Continuously, we have this pairing of the ordinary and the extraordinary. An ordinary girl with an extraordinary pregnancy. … Ordinary shepherds are visited by extraordinary angelic beings. … This extraordinary child who is called Jesus (which means God Saves), and Immanuel (which means God-with-us), savior, and Lord- this extraordinary child is born, on an ordinary day, in an ordinary home, to an ordinary couple, and placed in an ordinary straw-filled manger used to feed ordinary animals. Most people went on with their day unaware that anything special happened.

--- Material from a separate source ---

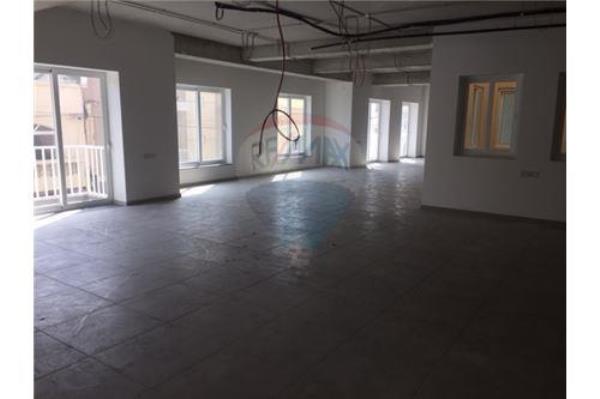 Office block to rent in Birkirkara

That is the incarnation- God invades the ordinary. "The Incarnation" is really just a big word for what the author C.S. Lewis described as “the author writing himself into the script of the play". The Creator of the universe is embraced as a baby. A real baby. A human baby. A drooling, giggling, cooing, crying, burping, laughing, pooping, fragile, hungry, sleepy, baby. God enters the ordinary. Out of God's amazing love, God the Son comes to us and places himself as a fragile baby into a human mother's arms.

Jesus, the Son of God, God Himself, lived as one of us. an ordinary life. He scraped his knee as a boy. He had friends and played. He learned from his parents. He grew up to be a carpenter like his father. He didn't start preaching until he was 30. Most of Jesus' life was lived in an ordinary way. That is what the incarnation is about- God enters the everyday ordinary-ness of human life as one of us. That is what God wanted. God wants to be our Father. The one who is present in our daily lives- our ordinary daily lives.

God became incarnate in Jesus to save us. And what does it mean to be saved? It means to be in God's presence- to accept God's presence in your life. It means that through Jesus, God can be our Father. That is what God has done through the ordinary events of that first Christmas. God has become a part of our everyday ordinary lives. And through our ordinary lives God will bring about the extraordinary.